Collezione come arte

Prelevare e montare elementi eterogenei – siano oggetti, immagini, parole, suoni, comportamenti o citazioni – per metterli in risonanza reciproca significa instaurare un dialogo con quelle forme pre-moderne di relazione con il mondo incentrate sull’attività ancestrale della collezione. La pratica creativa contemporanea non si risolve mai nella forma di un unico oggetto, anzi si esprime piuttosto nella costante creazione di nessi, link e relazioni tra gli oggetti, soggetti e segni. Se l’opera d’arte non è più un oggetto finito e compiuto in se stesso siamo costretti a dare una nuova risposta alla solita domanda: che cos’è un’opera d’arte? Rispondendo a questa domanda possiamo, per estensione, comprendere come funziona ogni attività creativa nel nostro presente postmoderno.

Per cercare questa risposta ci affidiamo alle parole di Boris Groys: «La risposta che le pratiche artistiche contemporanee offrono in merito a questo argomento è semplice: l’opera d’arte è un oggetto esposto. L’oggetto non esposto non è un’opera d’arte. […] L’unità elementare dell’arte oggi non è più l’opera d’arte in quanto oggetto, ma uno spazio dell’arte in cui sono esposti alcuni oggetti, lo spazio di una mostra, di un’installazione. L’arte odierna non è la somma di cose particolari ma la topologia di cose particolari. L’installazione stabilisce quindi una forma d’arte estremamente vorace che assimila tutte le altre forme d’arte tradizionali: pittura, disegno, fotografia, testi, ready-made, film e registrazioni. Tutti questi oggetti vengono organizzati da un artista o da un curatore, secondo un ordine che è totalmente privato, personale e soggettivo. Così, l’artista o il curatore hanno la possibilità di mostrare pubblicamente il proprio privato, la loro strategia di selezione dominante»1.
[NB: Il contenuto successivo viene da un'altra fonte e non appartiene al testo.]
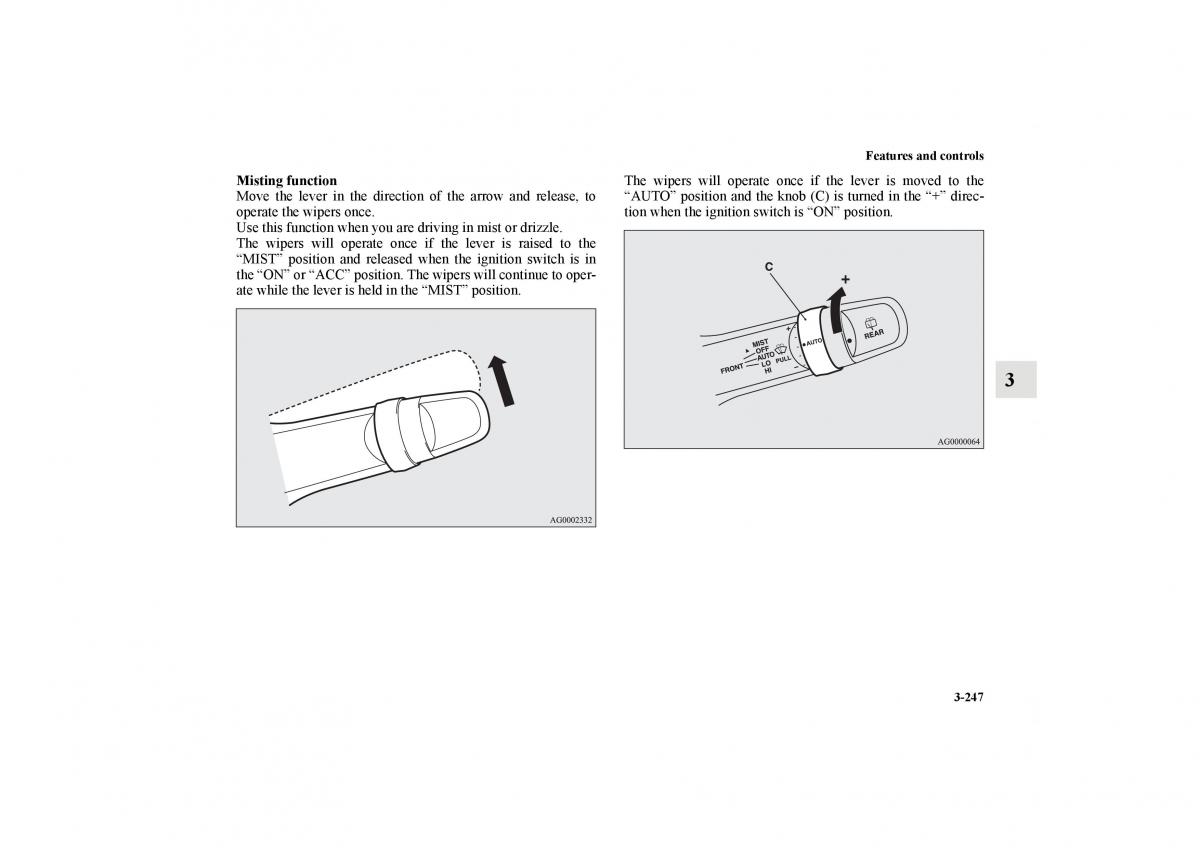 Mitsubishi Lancer Sportback VIII 8 owners manual / page 340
Per semplificare: un’installazione, con cui un artista mette in pratica la propria «strategia di selezione dominante» presenta gli stessi caratteri che deve avere una collezione secondo la definizione data da Pomian. Gli oggetti, o le immagini o i suoni, prelevati e compresi in una installazione sono «mantenuti temporaneamente o definitivamente fuori dal circuito delle attività economiche»: l’orinatoio di Duchamp, archetipo di ogni prelievo, presenta innanzitutto questo tratto, è un oggetto che ha smesso di funzionare, non è più un utensile ma è un semioforo, importante per il suo significato. Gli oggetti devono essere «soggetti a una protezione speciale in un luogo chiuso sistemato a tale scopo»: una galleria, un museo, una rivista, un evento – cioè la cornice istituzionale, lo spazio dell’arte di cui parla Groys, entro cui una installazione può darsi come forma d’arte, come discorso e non come semplice accozzaglia di cose. E infine, gli oggetti prelevati, selezionati devono essere «esposti allo sguardo del pubblico» che per comprenderli deve mettere in moto proprio quel meccanismo intertestuale necessario per lèggere ogni collezione.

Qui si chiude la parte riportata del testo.